Controlling Your Dog’s Fear

Along with more exercise, one of the most common blanket-solutions for various dog behavior problems is Obedience Training, and many of our clients wonder “why?”

After all, if we’ve been called in to see a dog who is terrified of trucks, why are we talking about down-stays and sit-stays? Isn’t that like going to see a doctor for a sore ankle and being told you need to massage your left arm?

First, let me say that obedience training is not the ENTIRE solution to fear. If your dog trainer tells you that your dog just needs to be dominated and that this will make his fear magically dissipate, then you may want to find another trainer.

Desensitization programs are key to solving fear related issues, and we will talk about this in a later article.


Obedience is another key part of the issue. Put the two together and you have a recipe for success.

How does obedience relate to fear issues?

The answer is simple: control, control, control.

Obedience actually does two things:

1. It teaches him self-control and makes him feel more in charge of his destiny

2. It teaches him that YOU are in control and in charge of his destiny.

“But wait!” you say, “isn’t that contradictory?”

It sounds a little crazy, but let me break it down for you:

Staying In Control:

Loss of control makes us feel anxious. That is why so many people feel safer in cars than in planes, even though you are much more likely to be killed while driving to work than on a routine flight from Vancouver to Toronto. When you are behind the wheel, you feel in control, and that gives you a feeling of safety.

Now think back to the first time you ever drove on a public road. Did you feel in control? Did you feel safe? Probably not. That’s because you knew you weren’t very good at driving yet.

Obedience helps give your dog more control over his own body. The reason your dog lunges for a ball whenever it flashes by him, or dashes at another dog when he sees one, or runs from the vaccuum cleaner when it comes by is because he can’t help it. His body said “ball!” or “dog!” or “SCARY VACUUM!” and he took off. It would be like if your car just suddenly gunned its motor and drove into the oncoming lane, and there was nothing you could do about it.

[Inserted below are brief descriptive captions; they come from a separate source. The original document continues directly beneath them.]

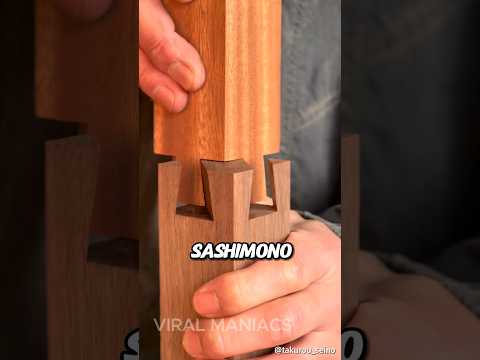 These wood joints are incredible - Japan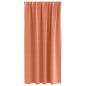 Preview: Vorhänge mit Vorhängen 2 pcs Terrakotta Polyester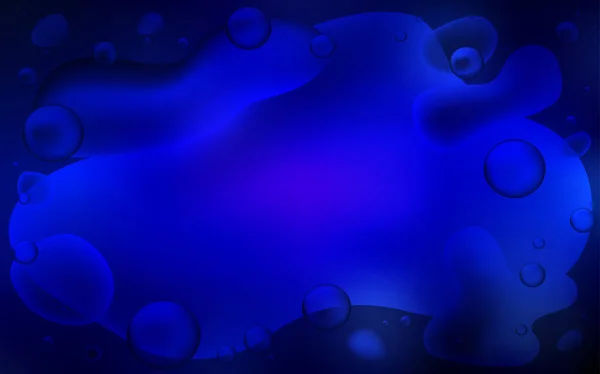 Modèle Vectoriel Bleu Foncé Avec Des Lignes Courbées Illustration Géométrique — Image vectorielle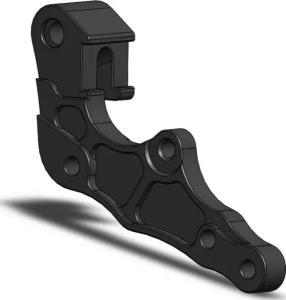 Adapter Bracket Brake Caliper Aluminum, Black, nordicamoto.ro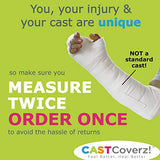 CastCoverz! Designer Arm Cast Cover - Black - Medium Short: 11" Length X 9" Circumference - Removable and Washable - Made in USA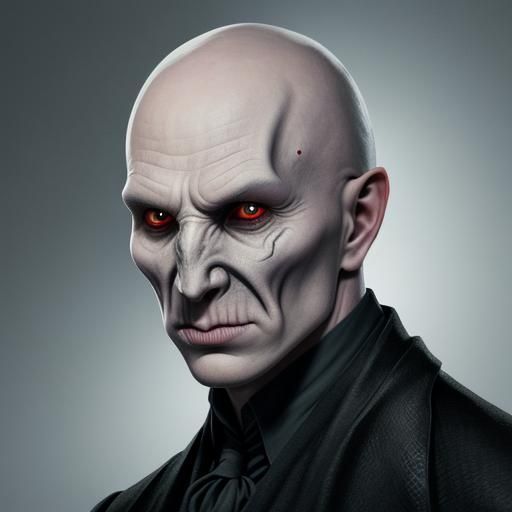 Lord Voldemort: A Realistic Dark Wizard Portrait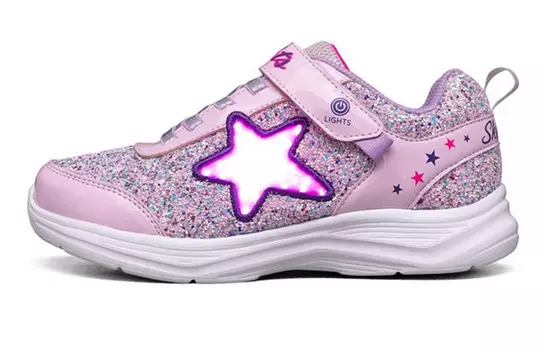 Кроссовки детские Glimmer GS Low-top розовые Skechers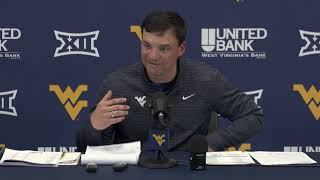 WVU Football Neal Brown Press Conference 111824 [upl. by Anayaran]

Would that make you feel safe?

By working on down-stays and sit-stays, you teach your dog to resist his natural impulses. When he gets better at it, he’ll begin to realize that he is in control of himself, and that he has a choice in how he behaves, and that helps him feel much calmer and more secure.

Giving Up Control:

Let’s go back to the plane vs car scenario. If you took someone who was afraid of flying and put him in the cockpit, handed him the controls and said “there you go” would that make him feel better? Probably not!

If someone stepped up and said, “excuse me, I’m an experienced pilot. Please step aside and everything will be okay”, he’d feel a lot better.

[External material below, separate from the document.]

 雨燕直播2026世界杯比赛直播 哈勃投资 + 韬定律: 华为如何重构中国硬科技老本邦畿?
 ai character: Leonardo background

As I said above, control is only comforting if we actually feel capable of handling the situation.

Well, there are many situations that you can handle better than your dog, because (quite frankly) you have a much larger brain. You can and should be in charge. If you aren’t, if your dog starts to think that he’s running his life, he starts to worry, because he knows he’s not really up for the job.

When you work on obedience with your dog, you are putting him under your control. You put him in down-stays, and sit-stays, and you require him to work for what he wants. At first, this is hard for him. He doesn’t trust you yet. As you work on it, though, and begin to show him that there are coherent laws for the world which you understand, he will begin to relax. He’ll realize that you have a grand plan, and that all he has to do to keep himself safe is do what you tell him. This actually increases the trust and love between you.

Think of yourself as your dog’s pilot. You guide and control him through a difficult situation, and he can just relax and trust you to take care of him.